[Short web captions]
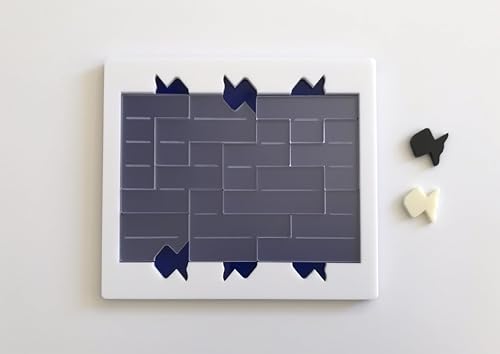 Pond 12 Puzzle - Acryl Packpuzzle von Yuu Asaka, hergestellt in Japan von JP GAMES LTD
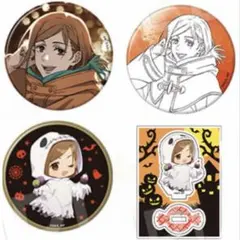 呪術廻戦 釘崎野薔薇マルキューブ 丸の内 缶バッジ アクリルスタンド おばけ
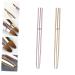 NOLITOY Double Ended Lip Brush Set - 4 Pcs Makeup Brushes for Women - Essential Concealer & Lipstick Tools - Assorted Colors - Buy Online on SooperMarket.com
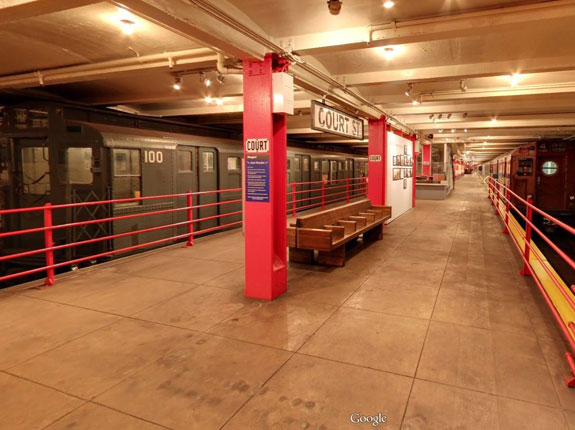 the-new-york-transit-museum-was-actually-created-in-a-decommissioned-underground-station-in-brooklyn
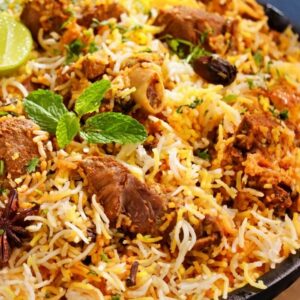 Mutton Biriyani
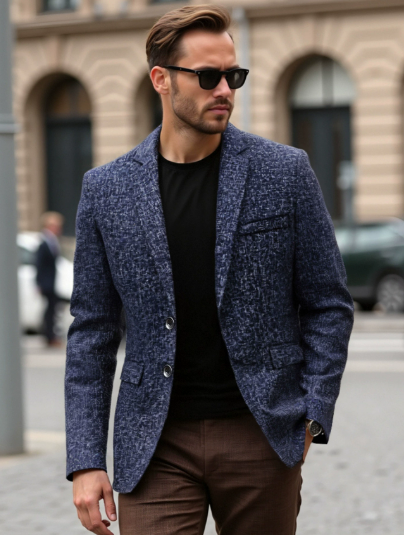 Men’s Alder Slim Blazer – Tailored Modern Fit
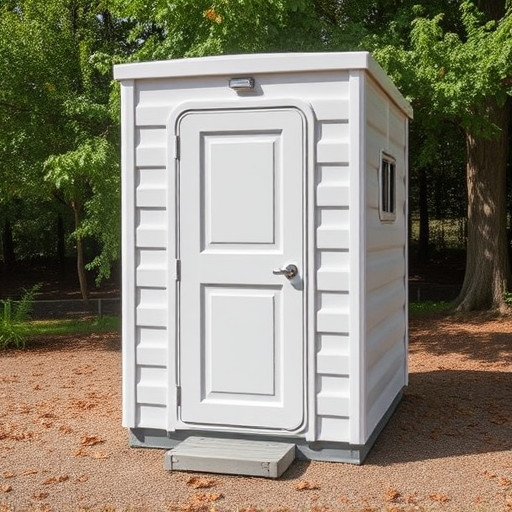 portable restroom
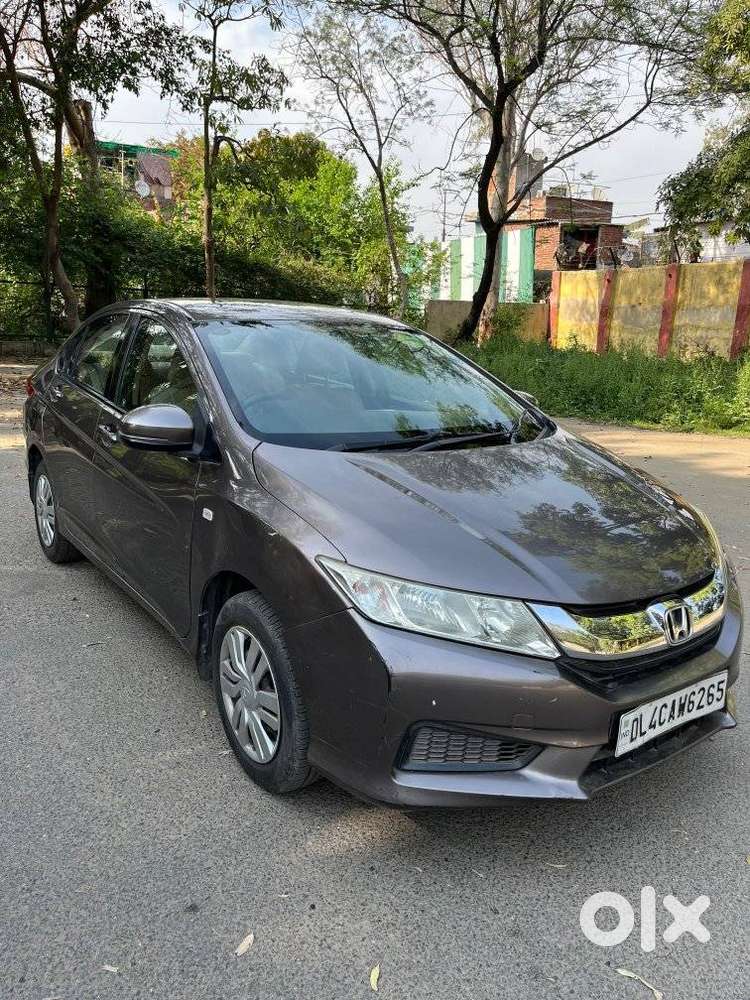 Honda City Sv Cvt, 2015, Petrol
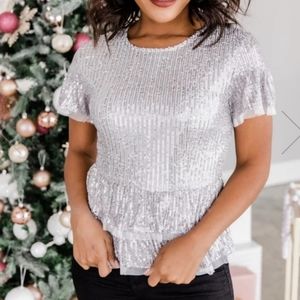 Sequin Top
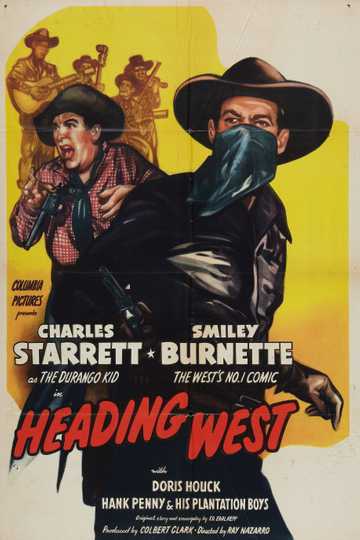 Heading West Poster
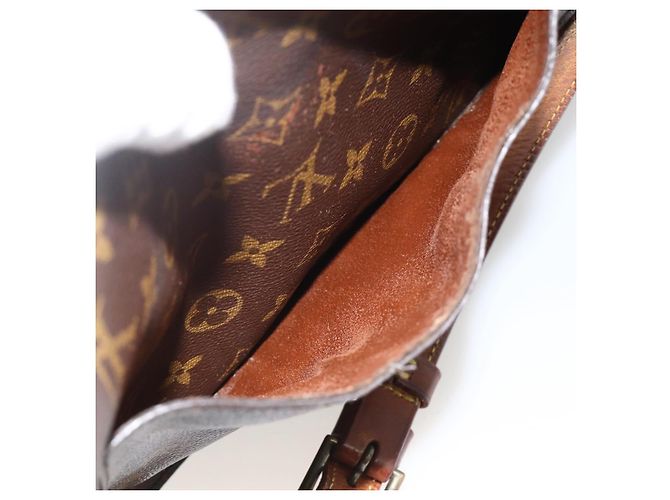 LOUIS VUITTON Borsa a Spalla Monogram Saint Cloud GM M51242 LV Auth BA11665 Monogramma - vista 25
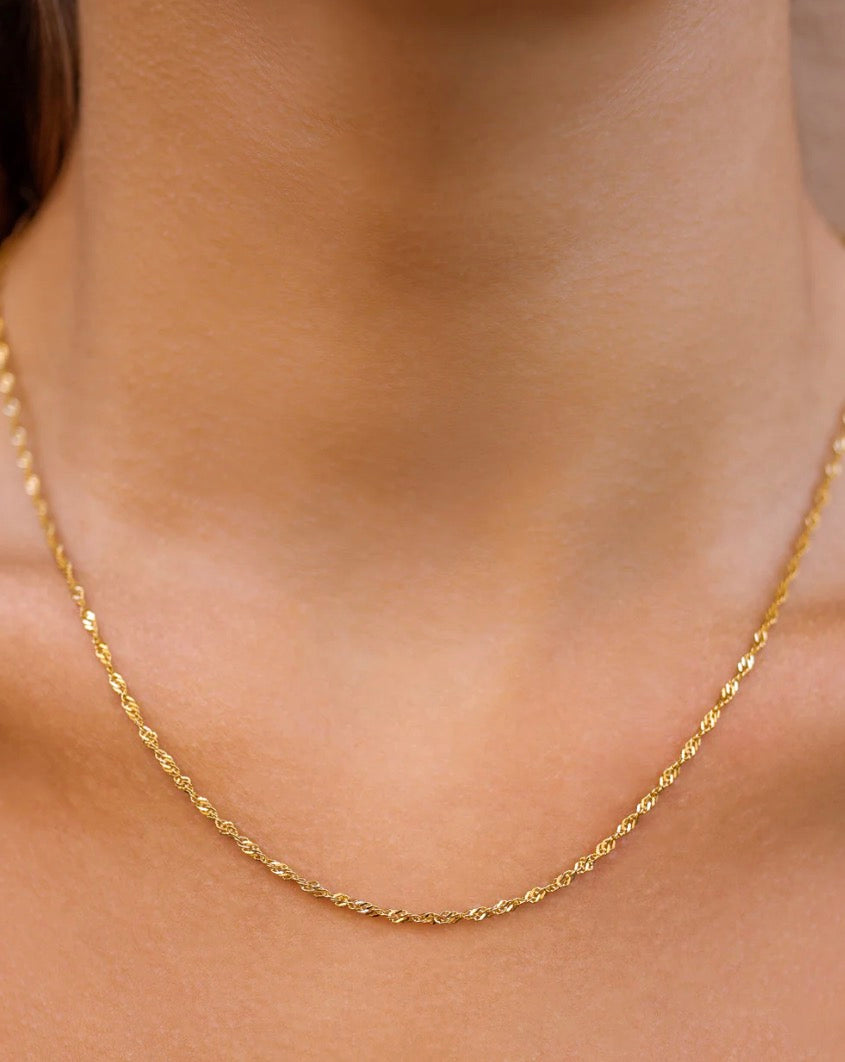 Lane necklace gold alco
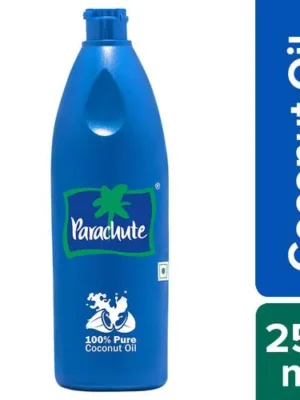 Parachute Coconut Oil - 100% Pure, 250 ml Bottle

### ASSIGNMENT
In your copy, please omit the pictures and print every line of the records exactly.

### WRITTEN ANSWER
 Pond 12 Puzzle - Acryl Packpuzzle von Yuu Asaka, hergestellt in Japan von JP GAMES LTD
 呪術廻戦 釘崎野薔薇マルキューブ 丸の内 缶バッジ アクリルスタンド おばけ
 NOLITOY Double Ended Lip Brush Set - 4 Pcs Makeup Brushes for Women - Essential Concealer & Lipstick Tools - Assorted Colors - Buy Online on SooperMarket.com
 the-new-york-transit-museum-was-actually-created-in-a-decommissioned-underground-station-in-brooklyn
 Mutton Biriyani
 Men’s Alder Slim Blazer – Tailored Modern Fit
 portable restroom
 Honda City Sv Cvt, 2015, Petrol
 Sequin Top
 Heading West Poster
 LOUIS VUITTON Borsa a Spalla Monogram Saint Cloud GM M51242 LV Auth BA11665 Monogramma - vista 25
 Lane necklace gold alco
 Parachute Coconut Oil - 100% Pure, 250 ml Bottle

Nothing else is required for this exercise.